Task prompt:
Please give the lines below again exactly as they stand, from the one that contains "Estrella Morente y" up to and including the one that contains "2804 S Bowling", leaving all pictures out.

Record excerpts:
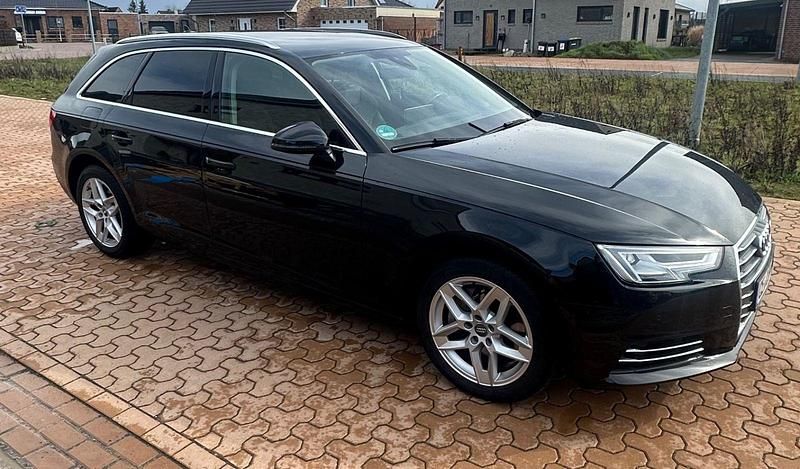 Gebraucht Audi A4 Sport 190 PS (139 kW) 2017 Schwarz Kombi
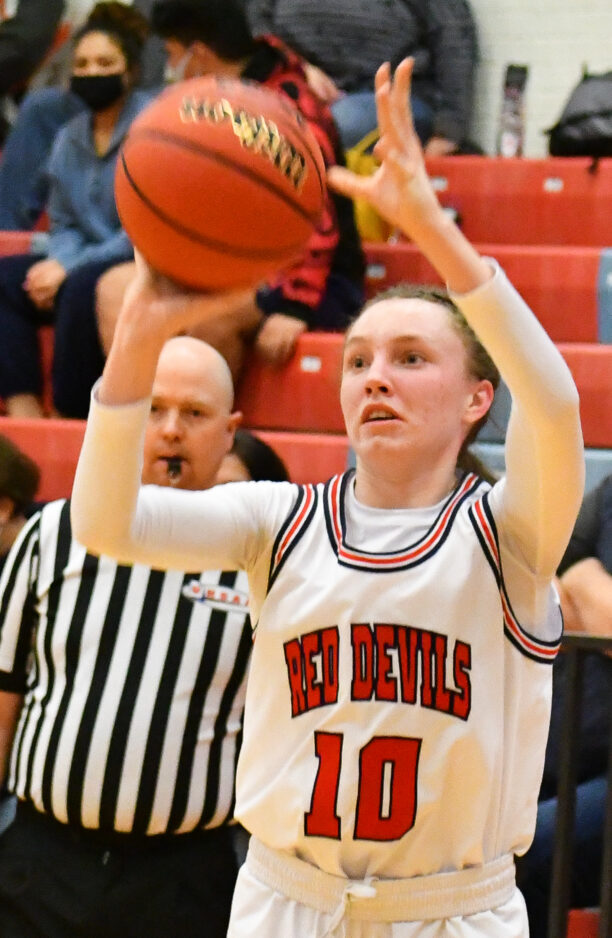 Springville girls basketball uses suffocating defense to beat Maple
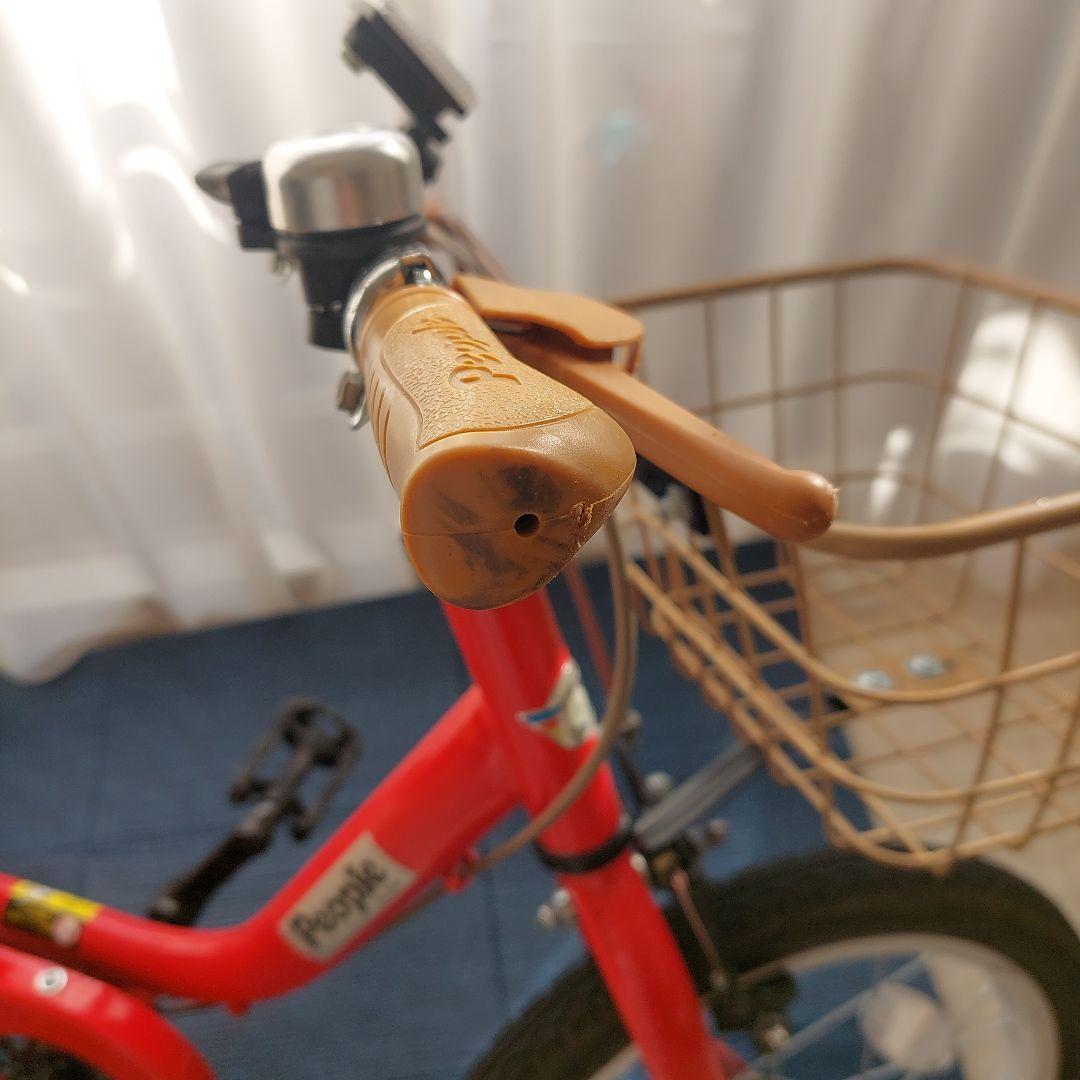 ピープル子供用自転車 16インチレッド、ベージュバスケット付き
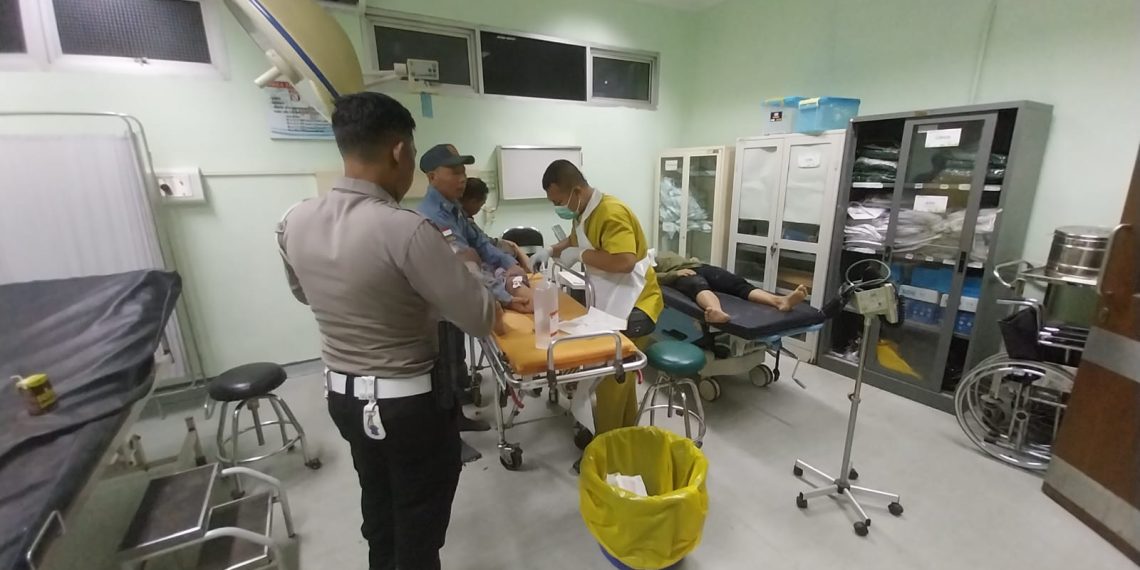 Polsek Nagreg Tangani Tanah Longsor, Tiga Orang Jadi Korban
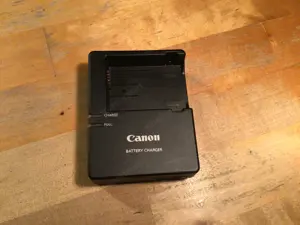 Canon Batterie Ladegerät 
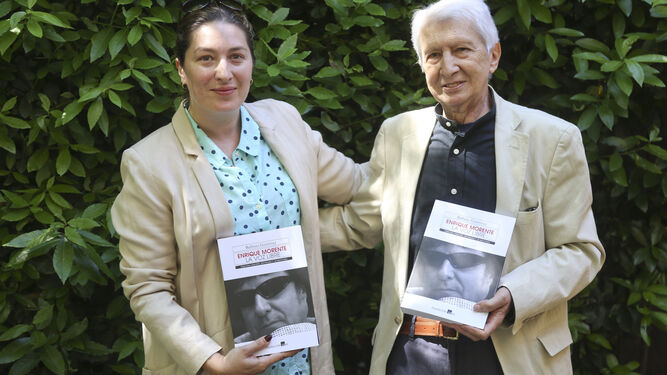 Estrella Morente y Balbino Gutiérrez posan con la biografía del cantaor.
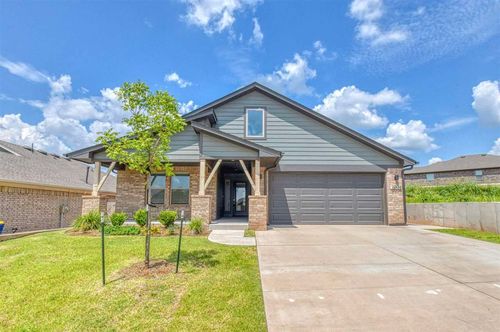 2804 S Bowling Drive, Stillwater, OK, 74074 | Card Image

---

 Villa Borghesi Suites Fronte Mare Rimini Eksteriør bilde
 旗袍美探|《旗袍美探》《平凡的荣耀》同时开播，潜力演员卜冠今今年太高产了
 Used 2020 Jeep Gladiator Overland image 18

Response:
 Estrella Morente y Balbino Gutiérrez posan con la biografía del cantaor.
 2804 S Bowling Drive, Stillwater, OK, 74074 | Card Image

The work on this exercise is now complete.